Ironic that your posts don't seem to speak highly of combining two midrashim to make a "new" midrash, while the complete picture only becomes clear after reading your second post.
Thanks for a thoughtful consideration of the use and reconfiguration of these midrashim. The employment of the "remixed" midrash in drash and halacha is interesting and telling of a reactionary element in Judaism, especially in light of Czarist/maskilik decrees promulgated on Russian Jewry in the 1840s against yarmulkas, long peyos, and long coats (Yiddish rekel'ach). However, I would urge caution regarding the overall contributive force of this Midrashic "remix" to modern Jewish thought. The exhortive "אפילו לשנויי ערקתא דמסאנא" of Sanhedrin 74b and descriptions of distinctly Jewish dress in Taanis 22a and elsewhere (consider the many modern drashos on Rashi to Shir HaShirim 5:3) are major textual players that have not seen "remix" in the last millenium.
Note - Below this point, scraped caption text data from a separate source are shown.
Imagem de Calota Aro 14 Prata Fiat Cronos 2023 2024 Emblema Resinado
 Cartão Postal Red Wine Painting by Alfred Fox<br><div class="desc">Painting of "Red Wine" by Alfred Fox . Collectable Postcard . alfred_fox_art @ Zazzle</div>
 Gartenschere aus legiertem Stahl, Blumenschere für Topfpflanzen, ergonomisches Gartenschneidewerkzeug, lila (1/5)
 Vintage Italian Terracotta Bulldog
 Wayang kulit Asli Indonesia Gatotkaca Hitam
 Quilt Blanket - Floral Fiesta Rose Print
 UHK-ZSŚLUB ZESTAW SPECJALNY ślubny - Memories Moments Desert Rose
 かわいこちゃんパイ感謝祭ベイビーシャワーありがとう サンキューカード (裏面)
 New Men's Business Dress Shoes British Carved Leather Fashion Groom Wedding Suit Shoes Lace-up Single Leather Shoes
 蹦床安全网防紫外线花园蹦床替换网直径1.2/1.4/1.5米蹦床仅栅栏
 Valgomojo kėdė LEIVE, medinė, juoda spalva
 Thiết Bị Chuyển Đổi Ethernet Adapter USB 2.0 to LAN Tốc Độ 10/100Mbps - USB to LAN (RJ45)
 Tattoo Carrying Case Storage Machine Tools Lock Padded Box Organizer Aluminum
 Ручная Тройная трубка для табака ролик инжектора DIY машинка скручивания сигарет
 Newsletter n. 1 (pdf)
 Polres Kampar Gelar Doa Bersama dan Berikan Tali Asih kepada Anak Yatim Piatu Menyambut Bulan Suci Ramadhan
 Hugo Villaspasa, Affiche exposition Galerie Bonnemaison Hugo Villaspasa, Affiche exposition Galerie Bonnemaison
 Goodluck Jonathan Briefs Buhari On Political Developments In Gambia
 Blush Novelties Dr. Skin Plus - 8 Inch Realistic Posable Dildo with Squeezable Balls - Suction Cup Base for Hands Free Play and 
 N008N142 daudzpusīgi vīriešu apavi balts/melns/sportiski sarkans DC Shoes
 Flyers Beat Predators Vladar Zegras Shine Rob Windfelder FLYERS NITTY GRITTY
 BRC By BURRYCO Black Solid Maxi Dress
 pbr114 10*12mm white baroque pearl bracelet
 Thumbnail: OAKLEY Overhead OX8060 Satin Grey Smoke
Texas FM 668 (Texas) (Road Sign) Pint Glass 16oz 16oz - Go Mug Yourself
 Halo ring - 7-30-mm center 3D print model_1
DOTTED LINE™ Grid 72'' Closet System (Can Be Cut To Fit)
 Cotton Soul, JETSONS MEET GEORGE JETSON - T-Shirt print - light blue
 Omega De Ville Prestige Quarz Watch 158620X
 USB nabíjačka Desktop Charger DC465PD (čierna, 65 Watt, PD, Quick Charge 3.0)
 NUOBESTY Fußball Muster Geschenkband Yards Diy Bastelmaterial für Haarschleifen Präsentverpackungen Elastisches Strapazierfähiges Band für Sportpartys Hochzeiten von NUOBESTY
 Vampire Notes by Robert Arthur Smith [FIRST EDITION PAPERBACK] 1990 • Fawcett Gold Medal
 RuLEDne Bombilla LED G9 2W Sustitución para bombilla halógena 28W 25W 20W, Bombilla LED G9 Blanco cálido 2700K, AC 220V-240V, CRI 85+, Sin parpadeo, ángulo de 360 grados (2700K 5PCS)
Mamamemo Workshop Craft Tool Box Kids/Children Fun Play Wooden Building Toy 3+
Thanks for a thoughtful consideration of the use and reconfiguration of these midrashim. The employment of the "remixed" midrash in drash and halacha is interesting and telling of a reactionary element in Judaism, especially in light of Czarist/maskilik decrees promulgated on Russian Jewry in the 1840s against yarmulkas, long peyos, and long coats (Yiddish rekel'ach). However, I would urge caution regarding the overall contributive force of this Midrashic "remix" to modern Jewish thought. The exhortive "אפילו לשנויי ערקתא דמסאנא" of Sanhedrin 74b and descriptions of distinctly Jewish dress in Taanis 22a and elsewhere (consider the many modern drashos on Rashi to Shir HaShirim 5:3) are major textual players that have not seen "remix" in the last millenium.
It published twice because google is not what it could be.